Jessica Alba and the Rise of the Not-Totally-For-Profit Corporation

Photo: Theo Wargo/Getty Images

This week, Jessica Alba’s The Honest Company announced it has raised $70 million at a nearly $1 billion valuation and is preparing to go public.

The Honest Company is one of more than a thousand “B corporations” — firms with a for-profit head and a nonprofit heart, among them Warby Parker, Patagonia, Etsy, and Seventh Generation. Such companies are open about the fact that they will not maximize profits at the expense of their social or environmental missions.

Right now, nearly all B corps are privately held, obscuring their finances and value relative to other firms. But with its initial stock offering, The Honest Company might provide an early test of the market’s true feelings about companies on a mission. Will investors punish them for failing to make as much money as possible? Or might they reward them for considering the greater good?
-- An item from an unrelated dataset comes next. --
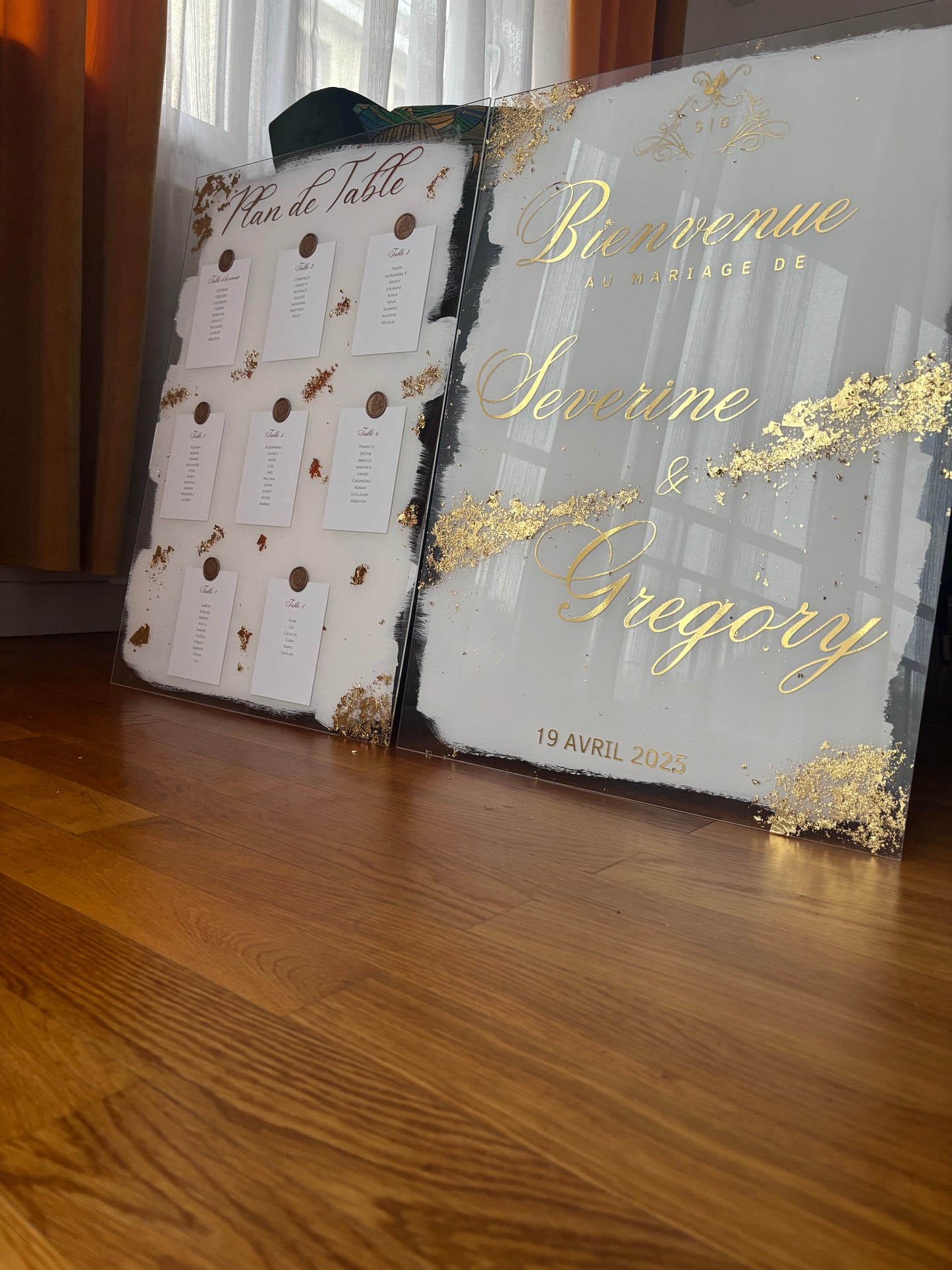 Pack essentiel : panneau + plan de table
B corps are a new thing. As of a few years ago, firms like The Honest Company would have just been regular, old for-profits or, in some cases, straight-up nonprofits. Maryland pioneered the B corps designation in 2010 to help companies better balance their mission to make money with their mission to make the world a better place. Since then, more than two dozen states have followed suit.

Milton Friedman would have loved this,” said Andrew Kassoy of B Lab, the nonprofit that certifies many B corps, when the Maryland legislation passed. “For the first time, we have a market-based solution supporting investors and entrepreneurs who want to make money and make a difference.”

Under the traditional corporate designations, that is not always so easy. Take the infamous case of Ben & Jerry’s. In 2000, the publicly traded ice-cream-maker sold out to Unilever, the Anglo-Dutch food and home-goods conglomerate. Even though there were provisions to maintain the company’s hippie ethos, the deal troubled its Wavy Gravy-loving customers. But the firm did not have much of a choice: The sale maximized shareholder value, and the company needed to maximize shareholder value.

As a B corp — as Ben & Jerry’s is now, though it remains a Unilever subsidiary — its joint mission to make money and do some good is explicit, clear to shareholders, and entrenched in a corporate framework. Had Ben & Jerry’s been a B corp back in 2000, it seems unlikely it would have gotten sold in the first place.

Alba’s The Honest Company won’t have to contemplate a Unilever nightmare scenario as it contemplates its IPO, given that it is already a B corp. It sells eco-chic diapers and other products, but it privileges environmentally responsible products and purchases its energy from renewable sources. Its B corp status would shield it from certain shareholder lawsuits or the pressure to sell out to a bigger firm without a social mission.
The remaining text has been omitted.